Instructions to follow:
The answer should hold only the lines from the one that contains "Now, you want" through the last line of the material, repeated exactly, without pictures.

Exercise inputs:
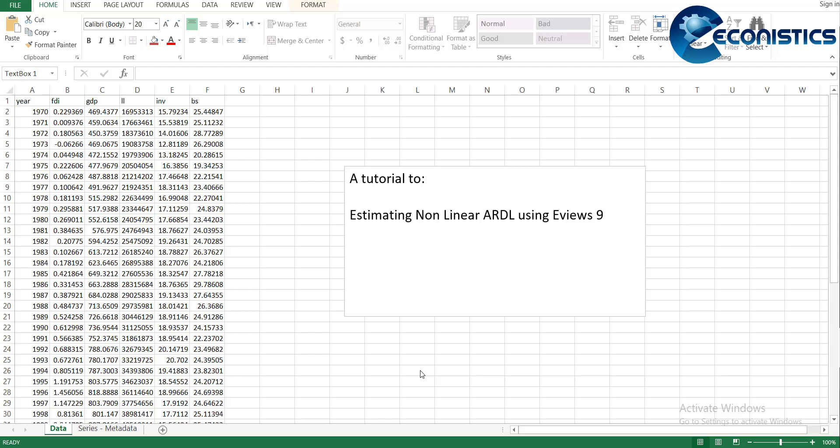Hi, Assalamu Alaikum everyone. Today our tutorial is to estimate nonlinear ARDL using EViews 9. Specifically, the video is talking about the differences that EViews 10 and 9 may have. The other tutorial that you may see will use EViews 10, which will have one thing missing which will make it difficult to estimate in EViews 9, which is commonly available, and EViews 8 and previous ones.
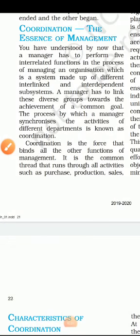Good morning friends, welcome to our channel Sushakapratik. Today's topic is coordination, which is one of the most important topics of our chapter on the nature and significance of management.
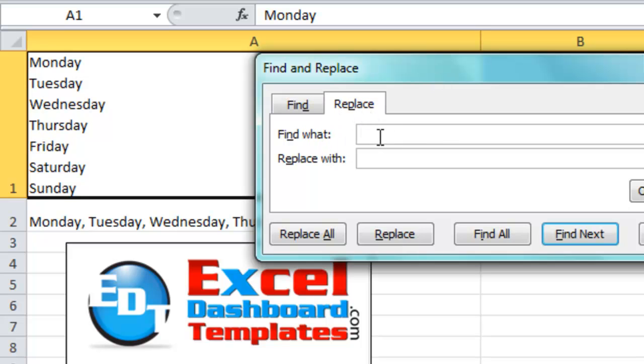Now, you want to do Find What. This is where we want to do the hard return, and this is the little bit of the trick. What you want to do is you want to hold down your Alt key and then press in a 010.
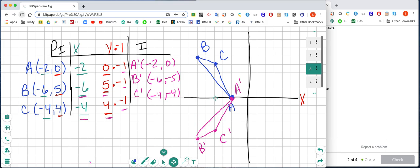I stand on the x-axis and go up 1, 2, 3, 4, and I get to C. Then I stand on the x-axis and go down 1, 2, 3, 4, and I get to C prime. This tells me I've done my reflection correctly.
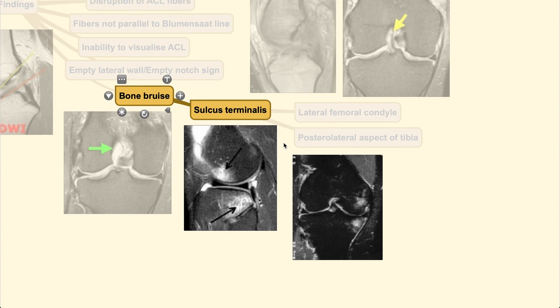I hope you enjoy this video. Be sure to watch the second part of the ACL injury video, and don't forget to subscribe to this channel — Orthopedic Tutor. Thank you.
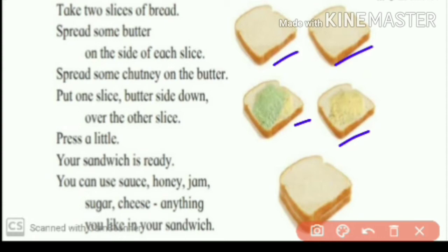Put one slice butter side down over the other slice. Khali ek slice thhewaai cha. Tya cha nantar dhusri slice ghe chie. Tya cha butter side down, khali karayi cha. Aani techa varti dhusra bread chie hoaai cha. Press a little. Tya press karayi cha.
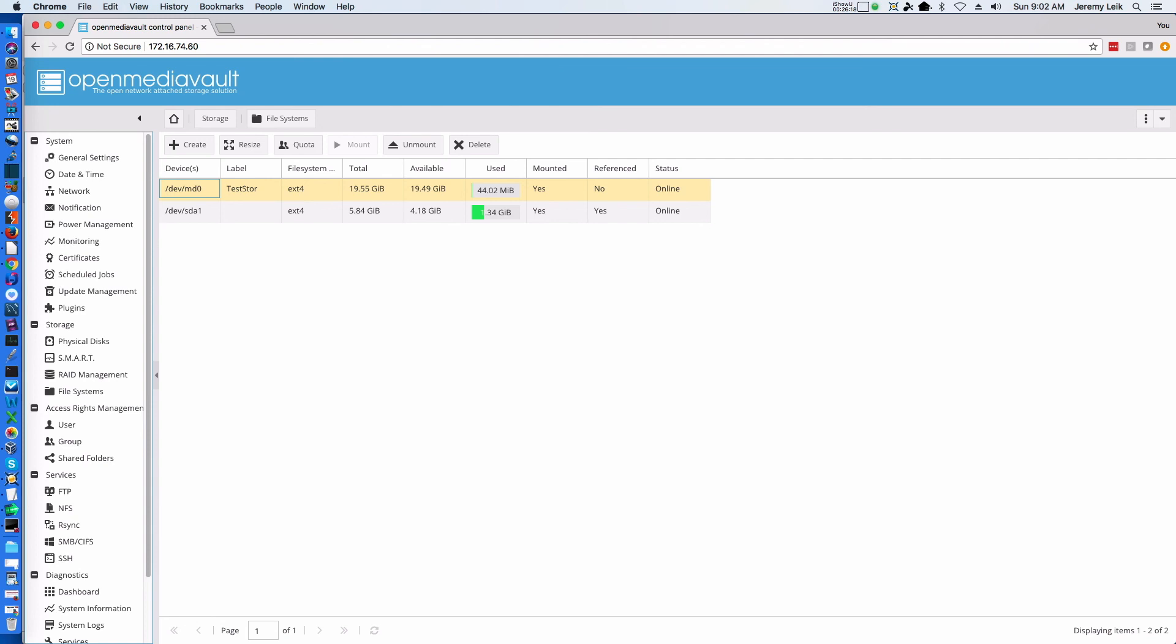Thank you for watching the OpenMediaVault 4.0 installation video. If you like this video, please comment, share, and like below. I will see you in the next video. Have a great day.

Your response:
Now, you want to do Find What. This is where we want to do the hard return, and this is the little bit of the trick. What you want to do is you want to hold down your Alt key and then press in a 010.
I stand on the x-axis and go up 1, 2, 3, 4, and I get to C. Then I stand on the x-axis and go down 1, 2, 3, 4, and I get to C prime. This tells me I've done my reflection correctly.
I hope you enjoy this video. Be sure to watch the second part of the ACL injury video, and don't forget to subscribe to this channel — Orthopedic Tutor. Thank you.
Put one slice butter side down over the other slice. Khali ek slice thhewaai cha. Tya cha nantar dhusri slice ghe chie. Tya cha butter side down, khali karayi cha. Aani techa varti dhusra bread chie hoaai cha. Press a little. Tya press karayi cha.
Thank you for watching the OpenMediaVault 4.0 installation video. If you like this video, please comment, share, and like below. I will see you in the next video. Have a great day.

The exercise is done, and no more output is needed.